School faculty and staff took the initiative to drive to the airport and back to pick up family members for the funeral. They prepared food, ordered pizza (who says you have to cook?), and brought over paper products needed for meals and the surplus of family guests—plus plenty of tissues to go around! One teacher even used her family airline connections to secure a ticket for my brother-in-law whose work schedule demanded that he travel later than his wife.
Collective Support
In addition to creative individual efforts, school was cancelled for the funeral day, and the teachers sweetly “surprised” Mom by forming a small ensemble to sing a song that focused on the comfort found in Jesus.
Also, the elementary grades, filled with Mom’s current and former students, and under the leadership of their teachers, were video-taped singing a special song about the gospel to be shown at the funeral. We found comfort in knowing that those at the funeral who didn’t know the saving love of Christ were able to see it so clearly in not only that video presentation but also the entire funeral.
Classroom Support
After the funeral week, the school principal approached Mom’s transition back to school with remarkable sensitivity and insight.

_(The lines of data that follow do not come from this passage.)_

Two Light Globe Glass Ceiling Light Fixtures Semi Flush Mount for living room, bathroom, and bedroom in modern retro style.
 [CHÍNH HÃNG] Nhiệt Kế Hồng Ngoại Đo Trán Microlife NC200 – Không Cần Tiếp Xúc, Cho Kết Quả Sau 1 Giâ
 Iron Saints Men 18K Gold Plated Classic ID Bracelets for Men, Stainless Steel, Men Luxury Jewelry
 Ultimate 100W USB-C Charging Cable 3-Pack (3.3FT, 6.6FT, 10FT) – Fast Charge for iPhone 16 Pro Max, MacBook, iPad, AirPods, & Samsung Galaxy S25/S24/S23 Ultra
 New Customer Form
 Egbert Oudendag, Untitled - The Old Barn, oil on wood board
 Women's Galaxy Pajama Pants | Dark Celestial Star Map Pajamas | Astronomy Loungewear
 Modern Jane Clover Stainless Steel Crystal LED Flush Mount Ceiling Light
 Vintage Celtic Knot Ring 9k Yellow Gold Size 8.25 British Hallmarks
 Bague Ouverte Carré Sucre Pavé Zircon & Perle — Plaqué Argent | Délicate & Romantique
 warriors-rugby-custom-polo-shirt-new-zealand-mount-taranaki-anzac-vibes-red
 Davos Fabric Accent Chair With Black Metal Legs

She arranged for a substitute teacher for the funeral week and two weeks following, slowly easing Mom back into the classroom.
The first week after the funeral, Mom visited her class at the end of one day to visit and to thank them for praying, saying that she was looking forward to being back with them soon.
The second week following, Mom was back in the classroom, but not in teaching mode. She used the time to visit with each student one-on-one to gauge progress and then to work ahead in her lesson plans and catch up on paperwork.
By the third week, Mom took the teaching reins again, but with the understanding that if she felt the need to leave, she could. This approach worked well for both teacher and students.
Continuing Support
The prayer support didn’t end with the funeral. Answers to prayers continued through the first snow when a teacher and his son weathered the icy roads and picked Mom up for school. And at Christmas-time, a parent even gave Mom a special Christmas ornament that acknowledged our remembrance of Dad.
When Valentine’s Day came around, Mom found herself at the dinner table of a young couple whose child was in her class. This couple was sensitive enough to also invite another woman about my mom’s age who had also lost her husband. These two discovered much they had in common, and Mom later said how much she enjoyed that evening.
Those who took the time to send sympathy cards may not realize it, but that seemingly small gesture gave us all an enduring sense of being prayed for and cared for. The most smiles I saw on Mom’s face occurred when she was sitting at the dining room table, going through her stack of cards and at times, reading them aloud to those around her. Don’t hesitate to send cards, even though they may be “late. The most encouraging card I received came about three weeks later. The writer simply said that she knew I was still grieving and that she was still praying. The timing couldn’t have been more perfect.
Christ-like Support
Our family still marvels at and derives comfort from the Christian love we were shown during this difficult time. We are eternally grateful for this close-knit church and school family and have a better understanding of Paul’s message to us in Philippians 1:1–4.
Consolation, comfort, fellowship, mercy—these words of Scripture come to life when a church and school family take the time to look away from their own individual interests in order to focus “on the things of others.”